◆ Requirement:
In the listing below, repeat exactly every line from the first through the line containing "Dizionario Rosa glossy web icon — Foto Stock", with nothing else.
━━━ Data for the task ━━━
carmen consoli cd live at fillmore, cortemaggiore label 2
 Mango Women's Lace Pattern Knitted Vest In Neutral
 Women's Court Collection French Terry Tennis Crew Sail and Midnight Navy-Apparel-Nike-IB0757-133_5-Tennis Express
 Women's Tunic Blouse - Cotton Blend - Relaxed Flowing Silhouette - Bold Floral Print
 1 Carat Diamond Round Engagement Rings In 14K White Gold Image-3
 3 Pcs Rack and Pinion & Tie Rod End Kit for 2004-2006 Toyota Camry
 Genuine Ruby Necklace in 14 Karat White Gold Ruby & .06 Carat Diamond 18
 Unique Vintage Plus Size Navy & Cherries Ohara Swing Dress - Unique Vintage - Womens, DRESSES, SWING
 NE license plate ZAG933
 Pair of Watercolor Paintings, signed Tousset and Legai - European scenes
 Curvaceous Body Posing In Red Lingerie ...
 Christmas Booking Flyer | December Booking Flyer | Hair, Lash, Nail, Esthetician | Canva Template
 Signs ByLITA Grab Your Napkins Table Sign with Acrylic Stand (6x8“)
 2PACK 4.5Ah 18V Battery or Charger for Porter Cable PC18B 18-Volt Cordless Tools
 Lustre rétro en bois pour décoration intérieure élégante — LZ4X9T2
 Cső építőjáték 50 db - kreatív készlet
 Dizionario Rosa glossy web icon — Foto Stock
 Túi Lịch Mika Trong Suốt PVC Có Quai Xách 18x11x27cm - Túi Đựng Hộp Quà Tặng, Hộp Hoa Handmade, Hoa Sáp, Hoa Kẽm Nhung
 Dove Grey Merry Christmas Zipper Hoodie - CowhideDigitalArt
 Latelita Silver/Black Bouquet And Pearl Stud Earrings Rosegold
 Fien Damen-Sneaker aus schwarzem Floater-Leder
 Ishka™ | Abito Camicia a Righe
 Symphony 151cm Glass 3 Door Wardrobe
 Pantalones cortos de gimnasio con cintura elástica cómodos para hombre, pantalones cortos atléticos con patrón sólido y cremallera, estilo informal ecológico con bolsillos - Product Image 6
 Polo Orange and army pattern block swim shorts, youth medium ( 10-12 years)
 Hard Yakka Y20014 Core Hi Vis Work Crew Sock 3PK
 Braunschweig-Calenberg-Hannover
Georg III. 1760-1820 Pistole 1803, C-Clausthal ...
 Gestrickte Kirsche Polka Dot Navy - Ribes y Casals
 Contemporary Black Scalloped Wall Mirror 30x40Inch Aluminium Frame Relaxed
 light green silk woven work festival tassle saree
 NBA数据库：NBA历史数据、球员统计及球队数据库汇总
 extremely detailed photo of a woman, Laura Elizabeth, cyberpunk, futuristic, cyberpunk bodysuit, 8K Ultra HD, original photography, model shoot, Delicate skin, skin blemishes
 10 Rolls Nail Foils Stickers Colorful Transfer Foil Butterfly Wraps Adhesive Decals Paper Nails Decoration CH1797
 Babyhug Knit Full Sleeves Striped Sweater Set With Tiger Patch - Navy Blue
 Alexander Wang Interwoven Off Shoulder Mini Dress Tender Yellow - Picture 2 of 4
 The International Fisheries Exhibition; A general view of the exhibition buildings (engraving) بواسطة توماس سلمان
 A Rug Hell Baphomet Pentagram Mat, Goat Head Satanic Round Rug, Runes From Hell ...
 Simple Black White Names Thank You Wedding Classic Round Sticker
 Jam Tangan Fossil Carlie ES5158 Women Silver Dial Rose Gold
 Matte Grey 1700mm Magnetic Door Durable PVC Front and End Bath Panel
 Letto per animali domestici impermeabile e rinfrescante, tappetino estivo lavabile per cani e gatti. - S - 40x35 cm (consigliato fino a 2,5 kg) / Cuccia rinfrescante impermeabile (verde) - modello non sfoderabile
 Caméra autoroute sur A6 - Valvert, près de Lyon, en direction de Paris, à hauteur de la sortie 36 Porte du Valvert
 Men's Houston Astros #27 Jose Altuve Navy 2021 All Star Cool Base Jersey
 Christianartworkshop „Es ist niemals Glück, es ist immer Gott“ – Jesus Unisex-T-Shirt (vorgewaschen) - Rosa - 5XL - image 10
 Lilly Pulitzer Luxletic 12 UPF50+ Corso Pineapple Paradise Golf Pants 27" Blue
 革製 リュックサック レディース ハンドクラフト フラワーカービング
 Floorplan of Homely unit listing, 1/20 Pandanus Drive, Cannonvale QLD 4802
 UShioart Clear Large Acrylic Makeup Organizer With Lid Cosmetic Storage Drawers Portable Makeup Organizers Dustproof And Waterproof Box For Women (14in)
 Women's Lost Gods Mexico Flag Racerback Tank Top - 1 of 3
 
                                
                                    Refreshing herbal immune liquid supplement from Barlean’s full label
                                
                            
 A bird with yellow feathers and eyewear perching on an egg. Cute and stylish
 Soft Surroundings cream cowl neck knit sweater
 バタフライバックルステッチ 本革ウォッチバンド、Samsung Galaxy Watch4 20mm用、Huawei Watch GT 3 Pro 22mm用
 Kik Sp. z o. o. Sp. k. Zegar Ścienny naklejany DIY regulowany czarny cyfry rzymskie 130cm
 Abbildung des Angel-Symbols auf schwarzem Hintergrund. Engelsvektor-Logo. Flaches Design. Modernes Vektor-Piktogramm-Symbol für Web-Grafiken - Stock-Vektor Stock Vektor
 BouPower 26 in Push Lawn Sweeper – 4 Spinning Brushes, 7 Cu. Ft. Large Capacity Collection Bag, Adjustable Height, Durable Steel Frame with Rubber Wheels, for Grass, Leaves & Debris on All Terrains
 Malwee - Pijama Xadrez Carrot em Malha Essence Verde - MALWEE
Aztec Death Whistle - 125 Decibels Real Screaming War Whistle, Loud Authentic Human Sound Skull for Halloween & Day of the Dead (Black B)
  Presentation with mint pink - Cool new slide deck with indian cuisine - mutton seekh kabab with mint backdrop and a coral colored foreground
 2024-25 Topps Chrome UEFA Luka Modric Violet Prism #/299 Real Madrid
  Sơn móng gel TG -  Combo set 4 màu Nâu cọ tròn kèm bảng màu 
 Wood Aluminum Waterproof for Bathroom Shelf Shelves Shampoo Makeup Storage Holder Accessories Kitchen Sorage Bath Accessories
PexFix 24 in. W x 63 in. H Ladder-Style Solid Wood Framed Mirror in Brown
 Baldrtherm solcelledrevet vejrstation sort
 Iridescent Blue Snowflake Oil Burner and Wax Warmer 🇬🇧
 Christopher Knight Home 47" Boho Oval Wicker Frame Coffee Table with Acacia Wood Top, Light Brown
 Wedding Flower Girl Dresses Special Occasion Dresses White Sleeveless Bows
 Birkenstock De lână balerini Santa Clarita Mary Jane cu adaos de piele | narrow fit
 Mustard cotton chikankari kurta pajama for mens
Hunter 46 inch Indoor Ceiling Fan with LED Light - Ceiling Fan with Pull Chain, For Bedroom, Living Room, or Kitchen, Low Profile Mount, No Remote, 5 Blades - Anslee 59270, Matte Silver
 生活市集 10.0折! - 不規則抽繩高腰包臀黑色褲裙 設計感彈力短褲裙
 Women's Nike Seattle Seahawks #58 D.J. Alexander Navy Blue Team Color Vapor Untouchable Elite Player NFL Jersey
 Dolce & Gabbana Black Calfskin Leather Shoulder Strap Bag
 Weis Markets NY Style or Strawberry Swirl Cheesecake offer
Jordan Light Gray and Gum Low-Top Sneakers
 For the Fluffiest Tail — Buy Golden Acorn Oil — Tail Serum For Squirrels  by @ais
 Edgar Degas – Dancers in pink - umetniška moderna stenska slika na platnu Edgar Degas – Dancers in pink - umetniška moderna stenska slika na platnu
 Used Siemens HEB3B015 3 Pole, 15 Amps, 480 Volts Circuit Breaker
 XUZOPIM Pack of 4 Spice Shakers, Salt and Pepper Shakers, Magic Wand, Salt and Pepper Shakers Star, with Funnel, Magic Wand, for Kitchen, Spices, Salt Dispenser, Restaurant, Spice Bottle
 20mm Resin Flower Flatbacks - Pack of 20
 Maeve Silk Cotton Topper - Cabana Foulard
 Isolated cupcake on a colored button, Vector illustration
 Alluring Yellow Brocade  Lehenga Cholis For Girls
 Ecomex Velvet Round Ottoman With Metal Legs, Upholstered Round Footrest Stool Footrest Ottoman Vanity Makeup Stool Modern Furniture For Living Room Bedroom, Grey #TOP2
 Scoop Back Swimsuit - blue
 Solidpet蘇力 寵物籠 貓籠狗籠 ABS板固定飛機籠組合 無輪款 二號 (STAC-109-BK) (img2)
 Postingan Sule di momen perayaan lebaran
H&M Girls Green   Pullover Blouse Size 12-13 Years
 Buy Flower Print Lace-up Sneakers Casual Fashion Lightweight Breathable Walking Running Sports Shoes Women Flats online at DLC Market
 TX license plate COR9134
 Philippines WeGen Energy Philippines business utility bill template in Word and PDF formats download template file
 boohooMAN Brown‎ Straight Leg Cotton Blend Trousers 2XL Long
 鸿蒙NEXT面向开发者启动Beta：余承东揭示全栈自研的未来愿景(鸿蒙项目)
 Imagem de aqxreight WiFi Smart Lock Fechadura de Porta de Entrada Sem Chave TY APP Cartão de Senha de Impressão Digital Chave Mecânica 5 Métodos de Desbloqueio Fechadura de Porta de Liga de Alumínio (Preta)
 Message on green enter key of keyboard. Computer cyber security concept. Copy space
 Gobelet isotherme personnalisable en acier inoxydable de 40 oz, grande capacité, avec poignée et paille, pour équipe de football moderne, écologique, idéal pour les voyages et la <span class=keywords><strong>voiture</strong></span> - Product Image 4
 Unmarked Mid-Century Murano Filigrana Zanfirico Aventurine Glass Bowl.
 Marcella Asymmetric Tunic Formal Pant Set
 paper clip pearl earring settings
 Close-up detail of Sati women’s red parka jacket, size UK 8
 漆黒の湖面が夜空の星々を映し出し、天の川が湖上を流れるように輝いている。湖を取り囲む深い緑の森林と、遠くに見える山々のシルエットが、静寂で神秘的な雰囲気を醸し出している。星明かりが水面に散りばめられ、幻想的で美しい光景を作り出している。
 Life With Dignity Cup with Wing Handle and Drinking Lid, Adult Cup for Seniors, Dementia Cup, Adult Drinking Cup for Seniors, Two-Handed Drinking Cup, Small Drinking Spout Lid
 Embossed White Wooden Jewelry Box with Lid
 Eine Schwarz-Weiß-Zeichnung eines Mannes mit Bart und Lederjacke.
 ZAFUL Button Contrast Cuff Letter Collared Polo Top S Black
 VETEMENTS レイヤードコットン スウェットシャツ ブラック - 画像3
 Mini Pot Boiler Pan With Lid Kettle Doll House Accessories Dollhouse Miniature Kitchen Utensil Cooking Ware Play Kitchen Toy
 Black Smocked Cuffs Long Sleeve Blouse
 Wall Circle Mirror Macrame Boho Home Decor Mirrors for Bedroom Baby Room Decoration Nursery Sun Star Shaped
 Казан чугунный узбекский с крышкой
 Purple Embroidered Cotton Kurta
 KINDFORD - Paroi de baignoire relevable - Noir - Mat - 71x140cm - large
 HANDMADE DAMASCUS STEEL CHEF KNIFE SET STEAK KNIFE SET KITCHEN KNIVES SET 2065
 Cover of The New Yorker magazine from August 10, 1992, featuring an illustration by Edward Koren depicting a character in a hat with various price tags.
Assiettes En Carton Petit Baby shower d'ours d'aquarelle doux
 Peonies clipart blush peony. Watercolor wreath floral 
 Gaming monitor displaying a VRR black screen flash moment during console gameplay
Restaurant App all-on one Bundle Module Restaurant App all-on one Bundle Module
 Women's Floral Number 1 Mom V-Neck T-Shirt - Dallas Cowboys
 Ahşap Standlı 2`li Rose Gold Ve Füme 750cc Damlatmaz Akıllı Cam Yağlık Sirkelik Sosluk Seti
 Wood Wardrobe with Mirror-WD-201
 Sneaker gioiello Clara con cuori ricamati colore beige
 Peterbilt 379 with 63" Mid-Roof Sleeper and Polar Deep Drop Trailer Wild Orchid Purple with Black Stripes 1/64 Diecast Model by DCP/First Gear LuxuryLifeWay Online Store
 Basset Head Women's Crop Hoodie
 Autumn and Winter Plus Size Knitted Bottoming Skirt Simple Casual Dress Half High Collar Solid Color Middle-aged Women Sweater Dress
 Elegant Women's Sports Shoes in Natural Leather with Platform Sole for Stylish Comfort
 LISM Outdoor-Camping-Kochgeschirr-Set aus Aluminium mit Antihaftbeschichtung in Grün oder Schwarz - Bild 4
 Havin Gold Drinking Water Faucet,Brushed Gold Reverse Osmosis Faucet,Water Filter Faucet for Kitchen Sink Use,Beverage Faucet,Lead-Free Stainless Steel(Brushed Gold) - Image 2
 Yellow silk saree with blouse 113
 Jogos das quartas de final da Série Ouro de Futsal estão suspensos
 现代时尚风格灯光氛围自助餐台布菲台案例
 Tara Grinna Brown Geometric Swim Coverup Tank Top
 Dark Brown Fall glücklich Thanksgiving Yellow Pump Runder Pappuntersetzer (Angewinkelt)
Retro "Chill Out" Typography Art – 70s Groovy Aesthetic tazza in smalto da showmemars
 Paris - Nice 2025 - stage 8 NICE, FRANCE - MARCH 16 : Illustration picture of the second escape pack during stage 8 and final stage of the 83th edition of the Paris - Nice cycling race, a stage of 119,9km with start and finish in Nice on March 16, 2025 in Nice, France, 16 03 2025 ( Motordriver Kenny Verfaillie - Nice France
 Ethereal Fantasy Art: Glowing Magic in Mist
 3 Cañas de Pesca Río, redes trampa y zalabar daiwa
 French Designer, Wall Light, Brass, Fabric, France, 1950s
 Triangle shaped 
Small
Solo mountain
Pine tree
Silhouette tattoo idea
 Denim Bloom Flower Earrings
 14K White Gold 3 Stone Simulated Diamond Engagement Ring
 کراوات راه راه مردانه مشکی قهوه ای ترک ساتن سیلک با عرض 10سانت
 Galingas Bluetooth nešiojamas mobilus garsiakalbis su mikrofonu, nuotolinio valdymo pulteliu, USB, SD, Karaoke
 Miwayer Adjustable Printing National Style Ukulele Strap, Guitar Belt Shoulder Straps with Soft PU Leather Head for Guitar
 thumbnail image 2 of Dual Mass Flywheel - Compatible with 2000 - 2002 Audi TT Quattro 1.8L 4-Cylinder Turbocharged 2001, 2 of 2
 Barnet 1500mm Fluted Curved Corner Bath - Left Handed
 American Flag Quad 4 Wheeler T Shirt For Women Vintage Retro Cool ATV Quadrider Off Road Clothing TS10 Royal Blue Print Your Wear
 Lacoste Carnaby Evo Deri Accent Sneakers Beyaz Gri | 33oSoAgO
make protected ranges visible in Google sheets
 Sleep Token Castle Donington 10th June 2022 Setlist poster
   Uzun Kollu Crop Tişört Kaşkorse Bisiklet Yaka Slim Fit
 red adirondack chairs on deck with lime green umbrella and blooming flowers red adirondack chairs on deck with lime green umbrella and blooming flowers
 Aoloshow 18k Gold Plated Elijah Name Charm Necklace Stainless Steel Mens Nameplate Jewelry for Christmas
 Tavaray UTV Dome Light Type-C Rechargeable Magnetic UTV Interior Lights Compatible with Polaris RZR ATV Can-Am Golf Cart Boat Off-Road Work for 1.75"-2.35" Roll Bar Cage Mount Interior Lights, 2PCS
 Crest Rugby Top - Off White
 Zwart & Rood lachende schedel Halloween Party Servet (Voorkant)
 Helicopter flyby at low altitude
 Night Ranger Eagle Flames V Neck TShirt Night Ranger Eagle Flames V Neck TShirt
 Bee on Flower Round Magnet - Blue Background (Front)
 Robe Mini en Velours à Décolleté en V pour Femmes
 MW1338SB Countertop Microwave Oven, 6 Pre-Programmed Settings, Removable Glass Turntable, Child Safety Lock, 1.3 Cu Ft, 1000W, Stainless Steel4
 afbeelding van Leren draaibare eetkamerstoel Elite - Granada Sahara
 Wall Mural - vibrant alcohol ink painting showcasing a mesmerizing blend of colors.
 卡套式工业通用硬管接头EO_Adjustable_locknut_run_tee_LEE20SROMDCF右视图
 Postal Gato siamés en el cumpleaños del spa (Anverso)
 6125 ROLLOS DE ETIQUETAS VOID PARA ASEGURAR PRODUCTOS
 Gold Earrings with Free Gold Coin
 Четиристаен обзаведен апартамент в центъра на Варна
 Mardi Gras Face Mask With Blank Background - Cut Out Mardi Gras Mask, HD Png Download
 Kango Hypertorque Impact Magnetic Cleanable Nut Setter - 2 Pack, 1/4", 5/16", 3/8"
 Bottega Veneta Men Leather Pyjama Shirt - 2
━━━
◆ Response below:
carmen consoli cd live at fillmore, cortemaggiore label 2
 Mango Women's Lace Pattern Knitted Vest In Neutral
 Women's Court Collection French Terry Tennis Crew Sail and Midnight Navy-Apparel-Nike-IB0757-133_5-Tennis Express
 Women's Tunic Blouse - Cotton Blend - Relaxed Flowing Silhouette - Bold Floral Print
 1 Carat Diamond Round Engagement Rings In 14K White Gold Image-3
 3 Pcs Rack and Pinion & Tie Rod End Kit for 2004-2006 Toyota Camry
 Genuine Ruby Necklace in 14 Karat White Gold Ruby & .06 Carat Diamond 18
 Unique Vintage Plus Size Navy & Cherries Ohara Swing Dress - Unique Vintage - Womens, DRESSES, SWING
 NE license plate ZAG933
 Pair of Watercolor Paintings, signed Tousset and Legai - European scenes
 Curvaceous Body Posing In Red Lingerie ...
 Christmas Booking Flyer | December Booking Flyer | Hair, Lash, Nail, Esthetician | Canva Template
 Signs ByLITA Grab Your Napkins Table Sign with Acrylic Stand (6x8“)
 2PACK 4.5Ah 18V Battery or Charger for Porter Cable PC18B 18-Volt Cordless Tools
 Lustre rétro en bois pour décoration intérieure élégante — LZ4X9T2
 Cső építőjáték 50 db - kreatív készlet
 Dizionario Rosa glossy web icon — Foto Stock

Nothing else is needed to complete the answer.